III. LES TRAVAUX DE VOTRE COMMISSION DES LOIS : RELANCER LA CODIFICATION SANS MÉCONNAÎTRE LE RÔLE INDISPENSABLE DU PARLEMENT

La codification constitue une oeuvre nécessaire à laquelle le Sénat a apporté un soutien actif, tant par le rôle joué par ses représentants au sein de la commission supérieure de codification, que lors de l'examen des projets de code. Il est donc particulièrement regrettable que l'encombrement du calendrier législatif n'ait pas permis de poursuivre dans de bonnes conditions la procédure engagée.

Au regard de la situation de blocage dans laquelle se trouve la codification, le recours à la procédure prévue par l'article 38 de la Constitution doit, aux yeux des auteurs du projet de loi, constituer un moyen de surmonter les difficultés actuelles.

Votre commission des Lois s'est donc attachée à examiner, d'une part, si le projet de loi d'habilitation qui vous est soumis réunissait bien les conditions requises par l'article 38 de la Constitution et, d'autre part, dans quelle mesure le recours aux ordonnances pourrait constituer une réponse efficace à ce blocage de la codification.

Le premier alinéa de l'article 38 de la Constitution dispose que " le Gouvernement peut, pour l'exécution de son programme, demander au Parlement l'autorisation de prendre par ordonnances, pendant un délai limité, des mesures qui sont normalement du domaine de la loi ".

S'il a écarté tout rapprochement entre ces dispositions et celles du premier alinéa de l'article 49 de la Constitution, le Conseil constitutionnel a néanmoins considéré qu'elles devaient être entendues " comme faisant obligation au Gouvernement d'indiquer avec précision au Parlement, lors du dépôt d'un projet de loi d'habilitation et pour la justification de la demande présentée par lui, quelle est la finalité des mesures qu'il se propose de prendre " (décision DC n° 76-72 du 12 janvier 1977).

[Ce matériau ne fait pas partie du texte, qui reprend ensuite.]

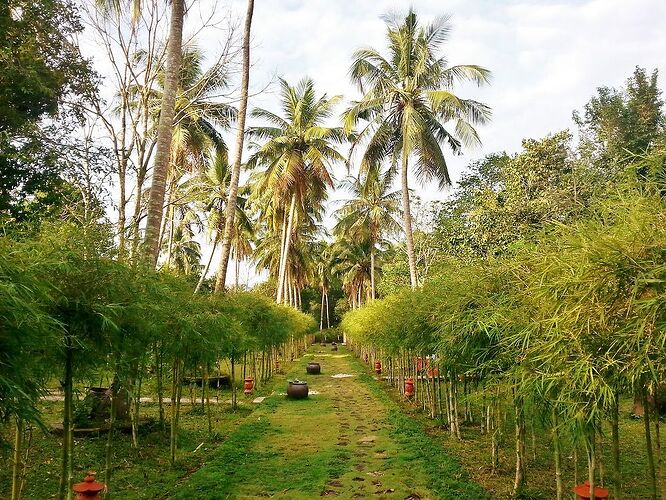 18 jours au Vietnam du Nord au sud, janvier 2018, jour 13 à 19 - lolotte34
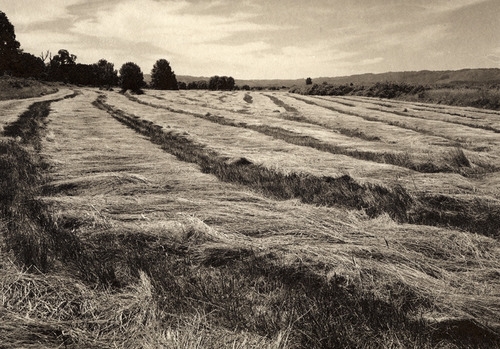Sauvie Island Field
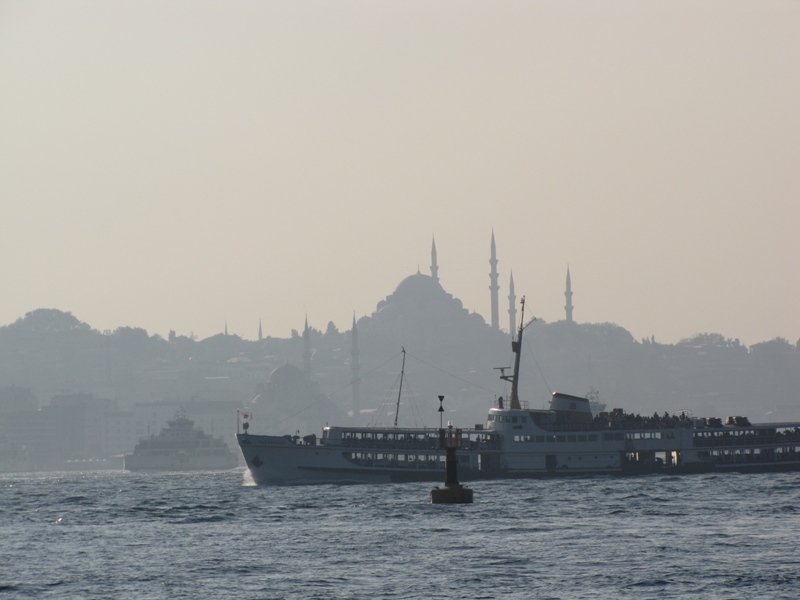 IMG_0886.jpg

En l'espèce, la finalité de l'habilitation demandée est précisée par l'exposé des motifs du projet de loi qui souligne que " le programme de travail des assemblées ne permettait pas actuellement d'assurer, à échéance suffisamment rapprochée, l'inscription à l'ordre du jour de plusieurs codes dont l'élaboration est d'ores et déjà achevée ".

Ce n'est donc qu'" à seule fin de résorber le retard ainsi enregistré dans la procédure de codification " que l'habilitation est demandée.

Il convient néanmoins de souligner que le Gouvernement ayant la maîtrise de l'ordre du jour prioritaire , il lui revient de donner à la codification, dans l'organisation des travaux parlementaires, une place plus conforme à l'importance qu'il entend lui accorder.

La loi d'habilitation doit, par ailleurs, préciser les " domaines d'intervention " des mesures envisagées (Conseil constitutionnel, décision n° 287-DC des 25-26 juin 1986). Tel est bien le cas, en l'espèce, puisque le projet de loi énonce expressément les neuf codes qui devront être établis selon la procédure des ordonnances.

En outre, conformément aux dispositions du premier alinéa de l'article 38, l'habilitation ne vaudra que " pendant un délai limité ". Les ordonnances devront, en effet, être prises dans un délai courant entre s ix et douze mois selon le code concerné.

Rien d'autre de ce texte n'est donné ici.